The document was handwritten. However, it purported to devise property of two people: Ola Maye Capps and Nadine Capps. The handwriting was consistent with Nadine’s signature. Both Nadine and Ola Maye signed the document. The document also contained an acknowledgment of a notary public with the notary’s signature.
Several weeks after the will was prepared and signed, Nadine gave Sue Roberts a copy of the document purporting to be her will. At Nadine’s direction, Sue made a photocopy and placed it in the church’s records. Also at Nadine’s direction, Sue locked a copy in a file cabinet where it stayed until Nadine’s death.
Nadine died. The original will could not be found despite a thorough search. Devon Roberts filed an application to probate a photocopy of the will. Truman Bishop and Hulene Parvar contested the application.
Bishop and Parvar raised multiple challenges to the will. Among other arguments, they asserted the evidence was insufficient to show the will was wholly in Nadine’s hand. They pointed to Ola Maye’s signature on the document. They pointed to the notary’s acknowledgment and signature. They argued these writings by people other than Nadine invalidated the document as a holographic will.
The county court found the will was valid and admitted it to probate as a holographic will. The court appointed Devon Roberts as administrator of the estate. Bishop and Parvar appealed.
The Wholly-in-Handwriting Requirement for Holographic Wills
To show a valid holographic will, the proponent has the burden of proving that the instrument is wholly in the testator’s handwriting. The Court of Appeals cited Trim v. Daniels, 862 S.W.2d 8, 10 (Tex. App.—Houston [1st Dist.] 1992, writ denied), for this principle. This requirement distinguishes holographic wills from attested wills.
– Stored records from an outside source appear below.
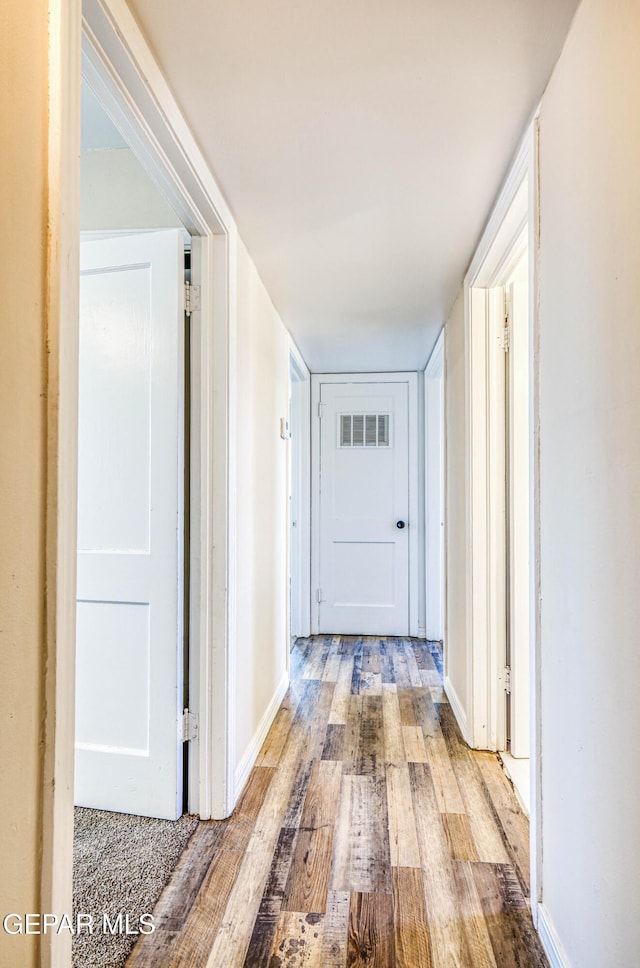 corridor with wood finished floors and baseboards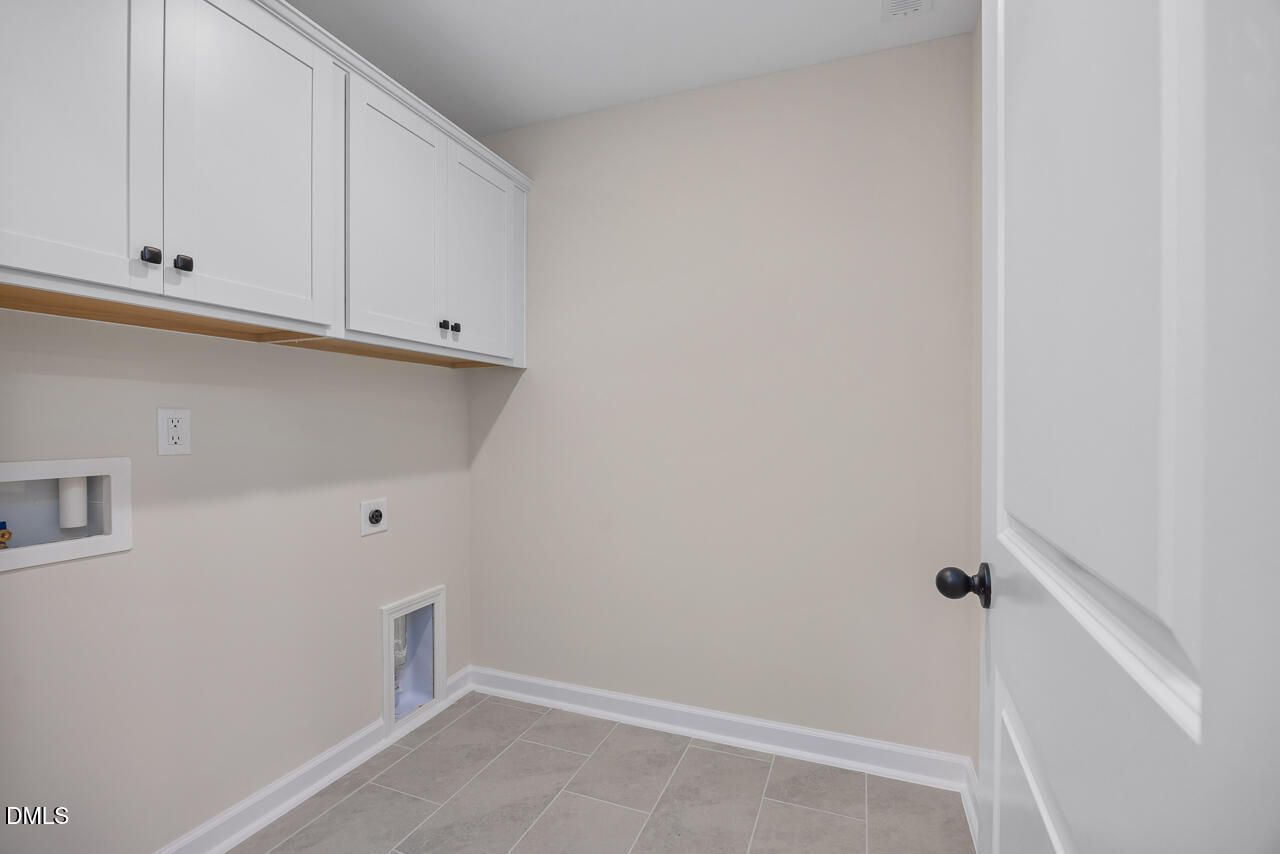 Spacious laundry room featuring white shaker cabinets, utility sink, gray tile floor in Davidson Homes The Mitchell, Knightdale NC
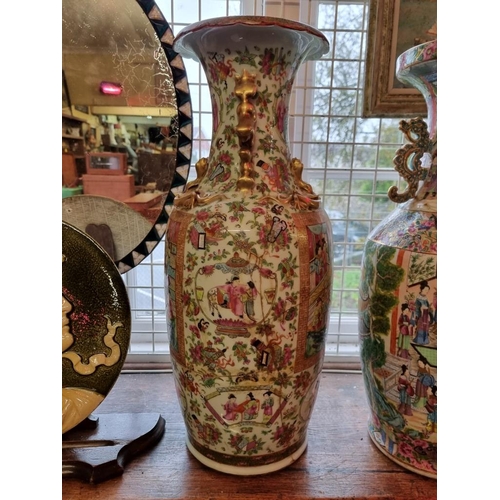 1681 - A large Chinese famille rose twin handled vase, 19th century, 61cm high, (extensive repairs)....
Attested wills must be signed by the testator and witnessed by at least two credible witnesses. The witnesses sign their names on the will. Their signatures obviously are not in the testator’s handwriting. However, attested wills do not require all writing to be in the testator’s hand. The testator may type the will or have someone else type it. The testator may have an attorney draft it. Only the testator’s signature must be in the testator’s handwriting (or the testator must acknowledge a signature made by another person at the testator’s direction).
Holographic wills operate differently. They do not require witnesses. The lack of witnesses creates greater risk of fraud. Someone could forge a handwritten document and claim it represents the testator’s wishes. The wholly-in-handwriting requirement provides protection against fraud. If the entire substantive portion of the will is in the testator’s handwriting, courts can compare that handwriting to known samples of the testator’s writing to verify authenticity.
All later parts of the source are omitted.